NOTE 5—HELD-FOR-SALE-CLASSIFICATION

In September 2024, the Company entered into an agreement to sell the Automation service line to UST for $27 million, of which $20 million will be paid in cash and $7 million will be held in escrow to be released upon the completion of certain conditions specified in the final agreement which include achievement of revenue milestones through the first quarter of 2025 and obtaining client consents by the end of the fourth quarter of 2024. The assets and liabilities of the Automation service line have been classified as held for sale in the Consolidated Balance Sheet as of September 30, 2024 and are measured at the lower of it carrying amount or fair value less costs to sell. The sale closed in the fourth quarter of 2024. The Company expects that the sale proceeds less costs to sell will exceed the preliminary estimate of the carrying value of the net assets for the business. The sale consideration is subject to certain post-closing adjustments, which primarily relate to cash, indebtedness and working capital balances.
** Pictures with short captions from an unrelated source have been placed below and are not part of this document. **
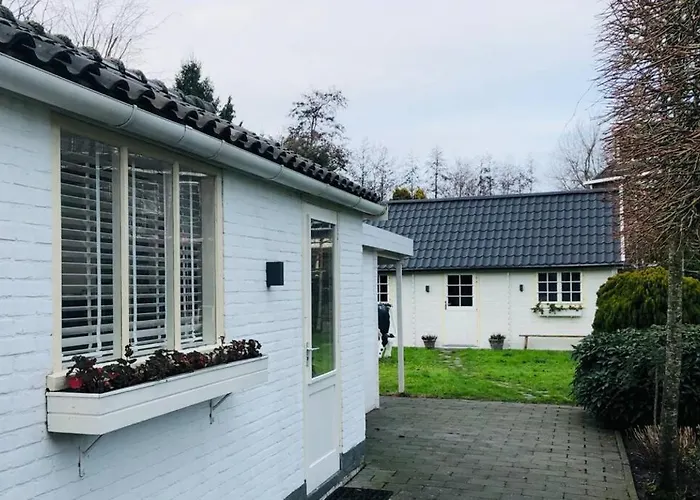Tiny House In Tuin De Statige Mariahof 多德雷赫特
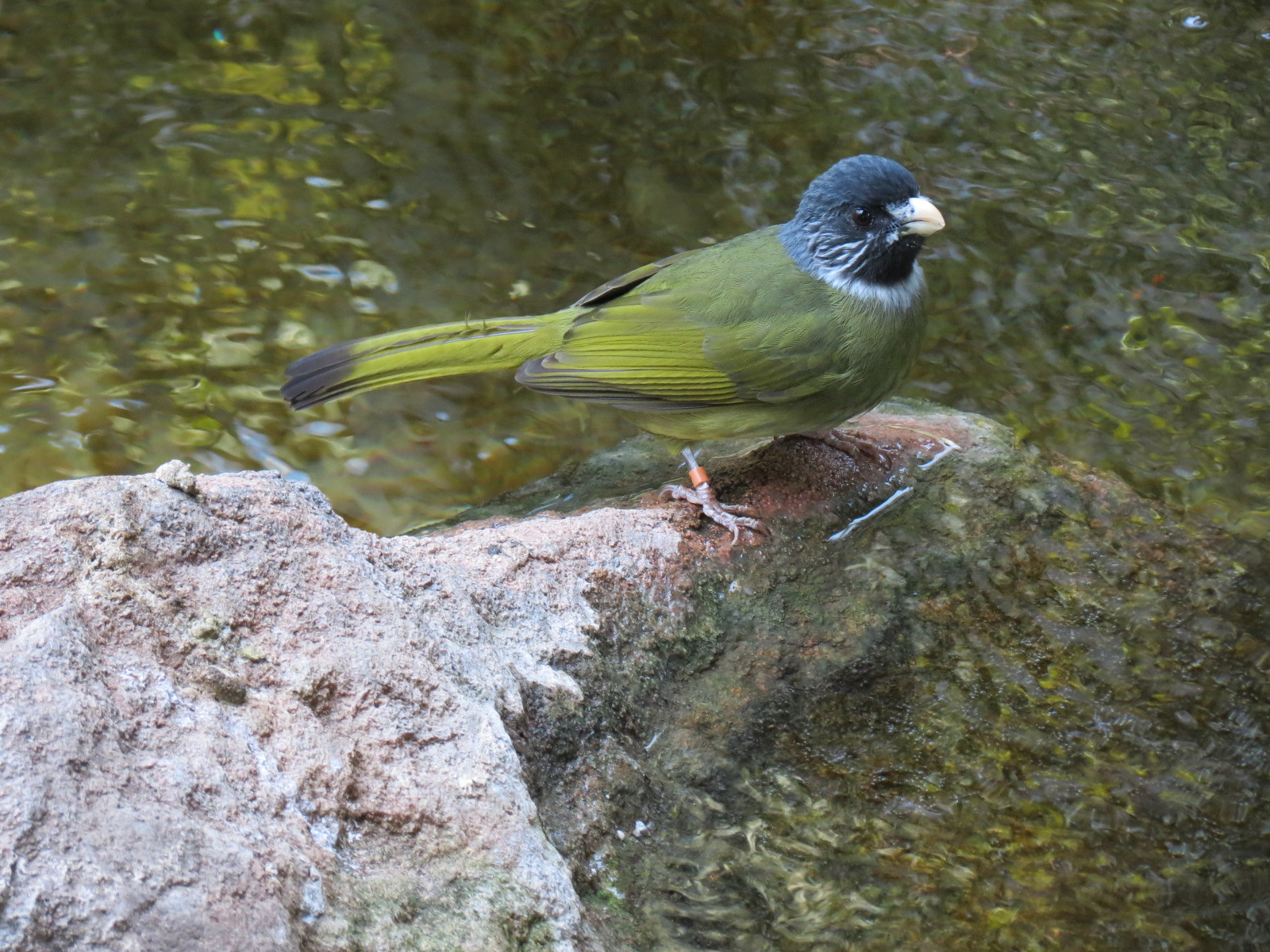 Tropics - Collared Finch-billed Bulbul
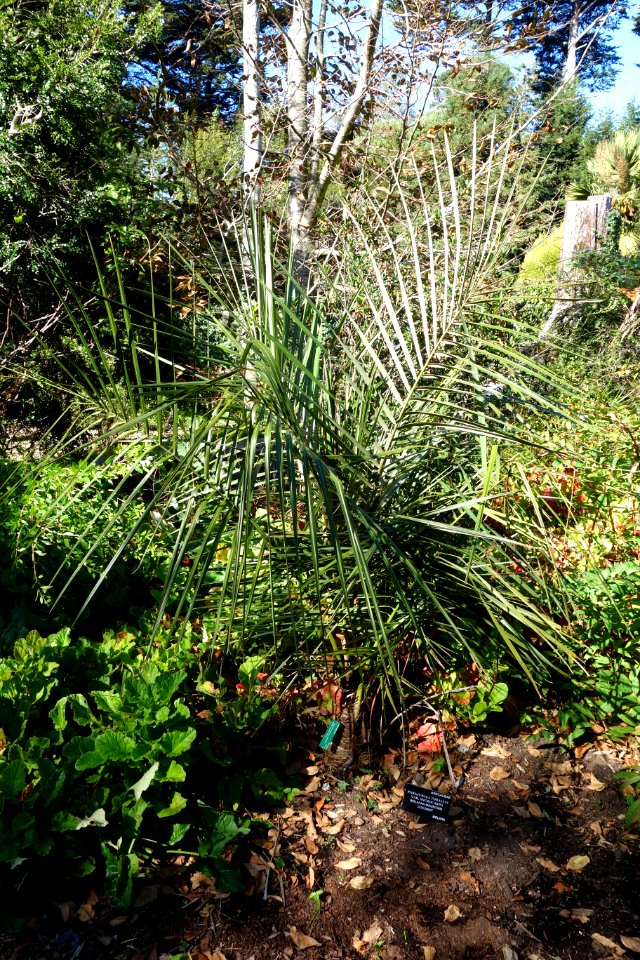 Parajubaea torallyi - San Francisco Botanical Garden - DSC09839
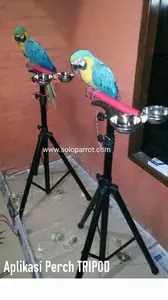 Perch Tripod untuk burung Falk nuri kaka tua afgrey macau.dll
The following table summarizes the components of assets and liabilities held-for-sale on the Consolidated Balance Sheet:

September 30,

2024

Accounts receivable and contract assets, net of allowance

15,956

Prepaid expenses and other current assets

105

Assets held for sale- current assets

16,061

Goodwill

9,727

Intangible assets

6,448

Deferred tax assets

37

Assets held for sale non-current assets

16,212

Total Assets held for sale

32,273

Accounts payable

1,168

Contract liabilities

185

Accrued expenses and other current liabilities

6,496

Assets held for sale current liabilities

7,849

Other liabilities

2,872

Assets held for sale non-current liabilities

2,872

Total Liabilities held for sale

10,721

As a result of the agreement to sell the Automation service line to UST in September 2024, the Company allocated goodwill to the Automation service line using a relative fair value method.  In addition, we completed an assessment of any potential goodwill impairment immediately prior and subsequent to the allocation and determined that no impairment existed. We estimated the fair value of the Automation service line based on the terms and conditions of the sales agreement with UST which primarily reflected $20.0 million in cash, a fair value estimate of the $7.0 million held in escrow and an estimate for a working capital adjustment.  The fair value of the amounts held in escrow was estimated based on the probability of achieving revenue targets per the agreement based on forecasted revenues and of obtaining the required consents from clients. As the escrow periods per the agreement are both less than 12 months, the fair value estimates related to these amounts were not present valued.  The amounts received from escrow are subject to change based on results. Based on the valuations performed over the Automation service line and the remaining business, the fair values were determined to be in excess of the carrying value and therefore there was no impairment.